PAN ECHO 12/27.03.2016

Pastoral zamanın birinde, Arkadya dağlarının iç kesimlerinde yaşayan, küçük mü küçük, bir keçi mi desem yoksa insan suretinde dolaşan bir ilham kaynağı mı desem, ikisi de değil, yarı insan yarı keçi, bir Tanrı yaşarmış.

Çığlıkları ile ormanın huzurunu kaçırdığı kadar tüm gününü flüt çalarak kırlarda dolaşarak geçiren bir tanrıymış. Ormanda dolaşırken karşılaştığı tüm canlıların karşısına aniden çıkar ve çığlık atarak onları ürkütürmüş. Bu durum, etrafındaki herkesi korkutup kaçırmasına sebep olmakla birlikte, yalnızlaşan bir tanrı olarak var olmasına neden olmuş. Öyle ki, çığlıklarını duyan her canlı panik halinde kendilerine ormanda saklanacak ağaç kovuğu ararmış. Günlerden bir gün, küçük bir vadiden geçerken yalnızlığı tercih eden bir orman perisi olan, flüt çalmayı ve şarkı söylemeyi seven, bir Oread Nemfi (Dağ Perisi) olan Echo’nun şarkı söylediğini işitir. Onun ahenkli ve berrak sesini duyan Pan, ona karşı vahşi bir sevgi duymaya başlar. Onun yeteneğini kıskanır ve güzelliğinden istifade etmek istese de Echo tarafından reddedilir.

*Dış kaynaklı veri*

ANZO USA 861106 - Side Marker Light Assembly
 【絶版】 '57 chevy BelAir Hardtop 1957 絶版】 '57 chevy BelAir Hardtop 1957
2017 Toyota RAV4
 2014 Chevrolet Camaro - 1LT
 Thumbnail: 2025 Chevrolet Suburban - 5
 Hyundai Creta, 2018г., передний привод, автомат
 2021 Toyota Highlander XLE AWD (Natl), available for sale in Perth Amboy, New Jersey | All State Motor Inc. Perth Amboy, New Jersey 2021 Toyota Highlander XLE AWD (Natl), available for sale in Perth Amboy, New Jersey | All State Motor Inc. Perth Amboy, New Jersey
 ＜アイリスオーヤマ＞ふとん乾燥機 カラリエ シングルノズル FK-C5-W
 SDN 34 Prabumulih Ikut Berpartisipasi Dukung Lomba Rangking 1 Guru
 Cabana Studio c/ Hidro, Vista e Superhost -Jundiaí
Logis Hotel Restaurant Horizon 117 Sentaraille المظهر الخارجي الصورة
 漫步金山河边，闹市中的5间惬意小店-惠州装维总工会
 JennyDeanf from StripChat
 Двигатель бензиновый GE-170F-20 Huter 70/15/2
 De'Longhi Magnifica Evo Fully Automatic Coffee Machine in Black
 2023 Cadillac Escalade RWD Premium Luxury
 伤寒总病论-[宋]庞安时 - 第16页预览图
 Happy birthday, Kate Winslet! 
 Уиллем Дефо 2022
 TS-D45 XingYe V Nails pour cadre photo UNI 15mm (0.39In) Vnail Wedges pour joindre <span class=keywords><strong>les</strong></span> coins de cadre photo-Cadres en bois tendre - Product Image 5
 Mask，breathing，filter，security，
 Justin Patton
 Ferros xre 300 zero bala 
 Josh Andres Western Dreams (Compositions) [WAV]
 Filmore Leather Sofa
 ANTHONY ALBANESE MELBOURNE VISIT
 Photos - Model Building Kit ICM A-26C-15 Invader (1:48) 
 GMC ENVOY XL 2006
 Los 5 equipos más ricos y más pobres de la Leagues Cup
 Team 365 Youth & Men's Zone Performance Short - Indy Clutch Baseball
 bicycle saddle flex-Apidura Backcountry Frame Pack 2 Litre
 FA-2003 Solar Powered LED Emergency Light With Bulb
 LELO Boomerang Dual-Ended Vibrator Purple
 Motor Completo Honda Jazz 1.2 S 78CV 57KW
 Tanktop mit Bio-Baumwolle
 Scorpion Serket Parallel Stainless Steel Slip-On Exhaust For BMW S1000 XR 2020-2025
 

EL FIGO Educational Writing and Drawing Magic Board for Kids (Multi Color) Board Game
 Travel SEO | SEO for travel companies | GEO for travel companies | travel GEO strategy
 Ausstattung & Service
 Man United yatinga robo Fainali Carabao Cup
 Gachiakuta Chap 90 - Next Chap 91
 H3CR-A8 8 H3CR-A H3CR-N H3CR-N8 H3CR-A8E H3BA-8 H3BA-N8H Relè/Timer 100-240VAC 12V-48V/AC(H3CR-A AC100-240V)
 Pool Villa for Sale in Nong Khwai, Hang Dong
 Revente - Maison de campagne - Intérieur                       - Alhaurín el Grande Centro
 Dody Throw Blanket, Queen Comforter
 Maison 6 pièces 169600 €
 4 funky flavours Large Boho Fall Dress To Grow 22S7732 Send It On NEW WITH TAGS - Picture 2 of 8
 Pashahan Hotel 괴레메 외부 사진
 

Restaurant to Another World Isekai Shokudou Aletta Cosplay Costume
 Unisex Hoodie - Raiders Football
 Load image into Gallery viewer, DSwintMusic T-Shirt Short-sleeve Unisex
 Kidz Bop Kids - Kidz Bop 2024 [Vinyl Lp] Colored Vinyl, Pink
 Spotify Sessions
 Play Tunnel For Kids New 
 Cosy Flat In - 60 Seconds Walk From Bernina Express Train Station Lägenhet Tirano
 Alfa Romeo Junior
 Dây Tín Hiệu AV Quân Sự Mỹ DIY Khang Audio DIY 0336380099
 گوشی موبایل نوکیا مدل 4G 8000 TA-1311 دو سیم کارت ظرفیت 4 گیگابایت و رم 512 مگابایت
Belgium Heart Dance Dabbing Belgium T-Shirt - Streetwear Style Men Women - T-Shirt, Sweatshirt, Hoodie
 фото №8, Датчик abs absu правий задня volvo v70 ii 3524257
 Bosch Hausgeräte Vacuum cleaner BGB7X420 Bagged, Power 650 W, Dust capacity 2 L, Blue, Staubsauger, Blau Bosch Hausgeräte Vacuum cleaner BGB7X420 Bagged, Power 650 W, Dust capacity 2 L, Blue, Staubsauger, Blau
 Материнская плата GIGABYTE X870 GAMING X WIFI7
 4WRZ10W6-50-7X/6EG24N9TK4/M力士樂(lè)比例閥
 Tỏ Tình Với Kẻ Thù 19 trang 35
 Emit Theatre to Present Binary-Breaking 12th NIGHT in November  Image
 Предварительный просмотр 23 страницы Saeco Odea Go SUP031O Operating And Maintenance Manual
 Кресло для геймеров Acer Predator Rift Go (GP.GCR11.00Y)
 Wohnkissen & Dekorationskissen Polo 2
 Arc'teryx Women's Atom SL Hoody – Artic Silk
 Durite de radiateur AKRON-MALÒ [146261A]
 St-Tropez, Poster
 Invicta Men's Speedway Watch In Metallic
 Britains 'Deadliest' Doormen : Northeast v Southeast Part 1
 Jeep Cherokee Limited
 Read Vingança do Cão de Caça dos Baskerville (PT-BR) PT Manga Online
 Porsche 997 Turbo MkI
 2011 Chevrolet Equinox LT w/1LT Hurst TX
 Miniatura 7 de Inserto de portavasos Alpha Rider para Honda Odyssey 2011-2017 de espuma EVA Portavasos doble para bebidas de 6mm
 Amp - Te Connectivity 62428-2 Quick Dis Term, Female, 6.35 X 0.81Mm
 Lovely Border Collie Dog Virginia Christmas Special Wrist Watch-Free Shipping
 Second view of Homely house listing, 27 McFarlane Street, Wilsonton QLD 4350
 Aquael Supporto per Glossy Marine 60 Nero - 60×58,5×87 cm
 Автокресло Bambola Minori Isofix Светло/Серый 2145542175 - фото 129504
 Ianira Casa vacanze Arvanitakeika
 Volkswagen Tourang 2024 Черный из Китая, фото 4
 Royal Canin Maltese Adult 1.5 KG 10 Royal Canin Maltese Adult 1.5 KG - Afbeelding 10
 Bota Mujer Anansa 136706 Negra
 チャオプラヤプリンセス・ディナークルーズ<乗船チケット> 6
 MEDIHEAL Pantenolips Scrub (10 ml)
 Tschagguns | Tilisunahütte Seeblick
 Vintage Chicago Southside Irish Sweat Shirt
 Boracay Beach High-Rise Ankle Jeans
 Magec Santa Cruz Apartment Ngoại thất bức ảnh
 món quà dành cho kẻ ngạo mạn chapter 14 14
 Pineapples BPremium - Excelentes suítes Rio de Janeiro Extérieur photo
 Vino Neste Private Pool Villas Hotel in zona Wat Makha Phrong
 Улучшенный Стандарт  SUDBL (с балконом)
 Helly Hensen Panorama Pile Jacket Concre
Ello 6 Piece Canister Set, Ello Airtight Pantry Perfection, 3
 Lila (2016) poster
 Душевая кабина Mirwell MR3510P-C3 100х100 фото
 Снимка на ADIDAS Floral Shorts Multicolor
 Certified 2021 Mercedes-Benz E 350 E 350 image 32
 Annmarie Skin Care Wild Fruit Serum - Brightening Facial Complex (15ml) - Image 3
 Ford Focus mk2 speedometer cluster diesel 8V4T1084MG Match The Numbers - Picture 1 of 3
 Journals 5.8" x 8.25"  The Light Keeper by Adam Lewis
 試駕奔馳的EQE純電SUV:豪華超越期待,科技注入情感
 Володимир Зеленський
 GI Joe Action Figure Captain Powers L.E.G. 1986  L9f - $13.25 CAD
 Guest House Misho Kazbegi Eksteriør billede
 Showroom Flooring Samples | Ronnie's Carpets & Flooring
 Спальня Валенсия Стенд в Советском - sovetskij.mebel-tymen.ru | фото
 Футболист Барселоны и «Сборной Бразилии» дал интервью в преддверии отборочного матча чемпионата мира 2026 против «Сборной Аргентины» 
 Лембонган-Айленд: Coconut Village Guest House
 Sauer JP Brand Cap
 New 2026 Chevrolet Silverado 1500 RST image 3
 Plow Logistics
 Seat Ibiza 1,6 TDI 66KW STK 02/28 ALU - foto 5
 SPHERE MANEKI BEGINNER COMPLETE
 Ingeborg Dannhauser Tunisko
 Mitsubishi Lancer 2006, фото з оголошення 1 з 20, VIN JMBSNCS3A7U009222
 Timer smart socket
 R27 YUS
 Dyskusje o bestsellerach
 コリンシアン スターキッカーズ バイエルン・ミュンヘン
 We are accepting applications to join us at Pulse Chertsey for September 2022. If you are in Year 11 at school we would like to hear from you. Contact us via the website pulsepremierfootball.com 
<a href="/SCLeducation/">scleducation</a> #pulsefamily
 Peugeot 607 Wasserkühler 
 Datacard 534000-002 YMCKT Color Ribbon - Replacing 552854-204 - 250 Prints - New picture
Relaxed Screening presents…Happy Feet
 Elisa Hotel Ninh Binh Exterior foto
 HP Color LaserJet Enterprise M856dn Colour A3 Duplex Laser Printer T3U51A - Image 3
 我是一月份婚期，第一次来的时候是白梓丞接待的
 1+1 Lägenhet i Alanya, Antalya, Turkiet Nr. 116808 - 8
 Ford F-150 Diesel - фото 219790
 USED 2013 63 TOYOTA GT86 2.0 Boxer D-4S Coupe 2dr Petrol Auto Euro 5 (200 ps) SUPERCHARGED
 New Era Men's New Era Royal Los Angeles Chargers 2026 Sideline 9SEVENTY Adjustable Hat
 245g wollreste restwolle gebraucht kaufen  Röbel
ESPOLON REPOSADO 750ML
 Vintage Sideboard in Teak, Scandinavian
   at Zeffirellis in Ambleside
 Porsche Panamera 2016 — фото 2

Pan, hırsından bir gün çobanların yollunu şaşırtır. Yollarını şaşıran çobanlar Echo’yu bulur ve öldürdüler, vücudunu dağıtıp dağlara fırlatırlar. O günden beri Echo’nun kendine özgü bir yeri yoktur, gürültüyü duyduğumuz her yerdedir… Pan-Ekho sergisi, evrenin cevabı olarak yok oluş temasını işleyerek, mitolojik bir karakter olan Pan üzerinden, farklı yok oluş, ya da zorunlu olarak yok edilmeye maruz kalma durumunu ele alıyor. Yaşamın içerisinde herkes kendi gücünü sınayarak çevresini bir şekilde uzaklaştırarak yalnızlaşıyor. Yani aslında her birey kendine küçük bir Pan ormanı yaratıyor ve yarattığı büyülü ormanında kendi efsanelerini yaşarken bir yandan da yok oluşunu hazırlayabiliyor. Bazıları, büyülü ormanını bile var edemeden kendini yok edebiliyor. Kaçmaya, hatalar yapmaya ve zamanla görünmez olmaya başlıyor.
Tüm bu ‘VAR etme’ ve YOK olma durumu içindeki panik halinde, yok ettiklerimizin yankıları kendi dünyamızın içinde yaşamaya devam ediyor.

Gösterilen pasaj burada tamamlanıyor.